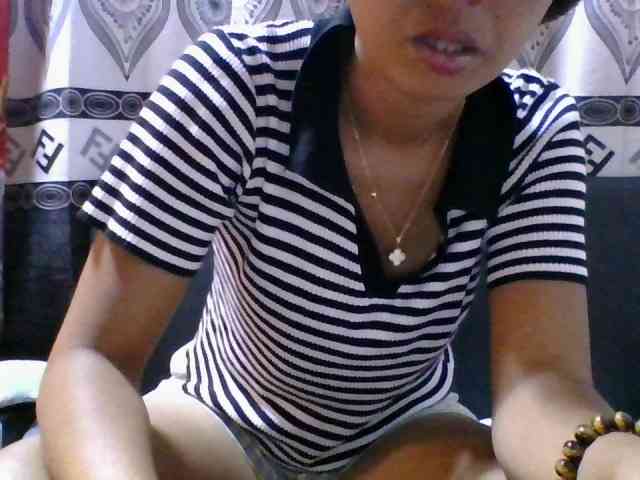 Bellah-Nastia webcam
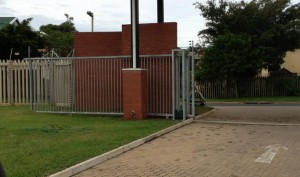 3667_321041234665340_1283462911_n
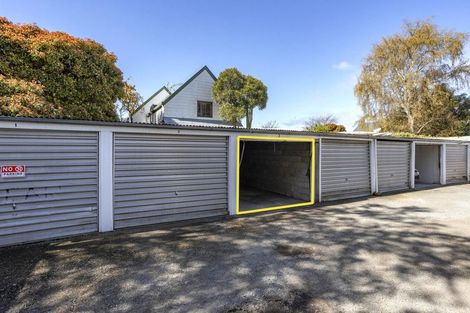 Photo of property in 3/135 Huxley Street, Sydenham, Christchurch, 8023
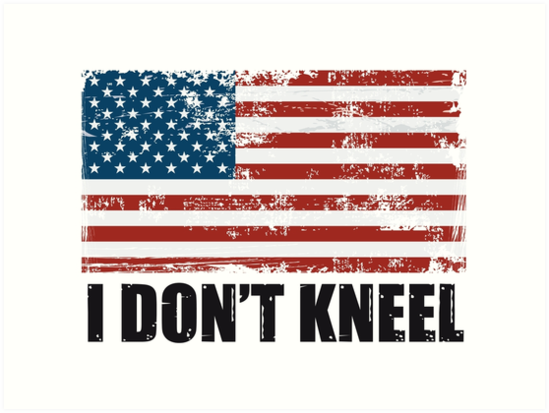 KennethGorey's tweet photo. https://t.co/5hoF2gq71I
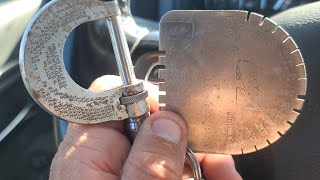 All Metal Gauges are Garbage: A Tool Review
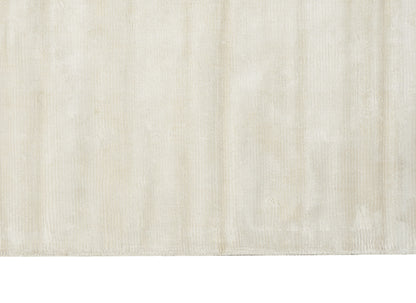 Calvin Klein Home Lunar  Beige  Contemporary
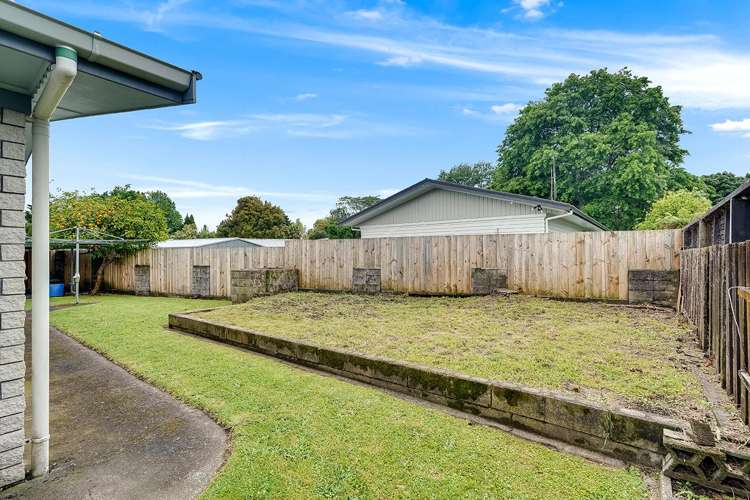 36 Rutherford Street Chedworth_11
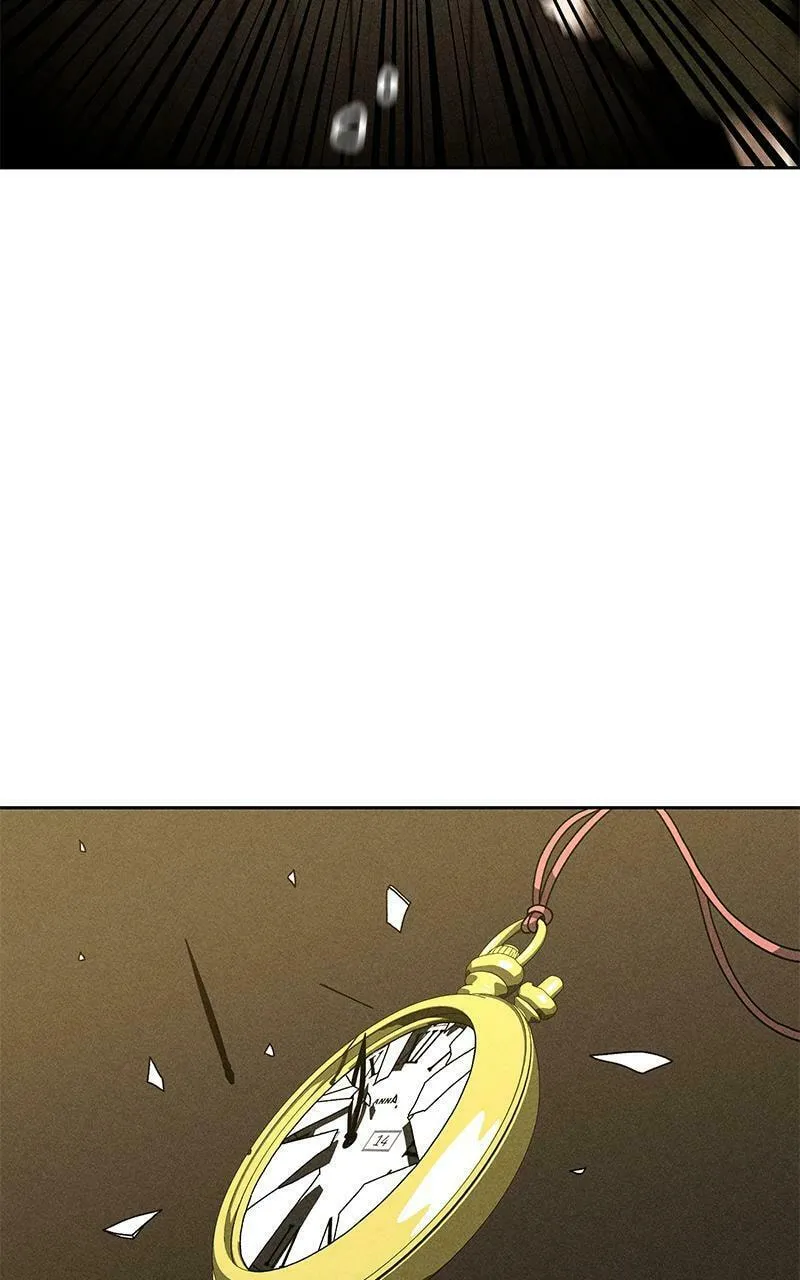 The Secrets of the Willson Family Chapter 37 page 53 -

EXERCISE OBJECTIVE: Without the images, write out each line of the data verbatim.

EXERCISE RESULT:
 Bellah-Nastia webcam
 3667_321041234665340_1283462911_n
 Photo of property in 3/135 Huxley Street, Sydenham, Christchurch, 8023
 KennethGorey's tweet photo. https://t.co/5hoF2gq71I
 All Metal Gauges are Garbage: A Tool Review
 Calvin Klein Home Lunar  Beige  Contemporary
 36 Rutherford Street Chedworth_11
 The Secrets of the Willson Family Chapter 37 page 53 -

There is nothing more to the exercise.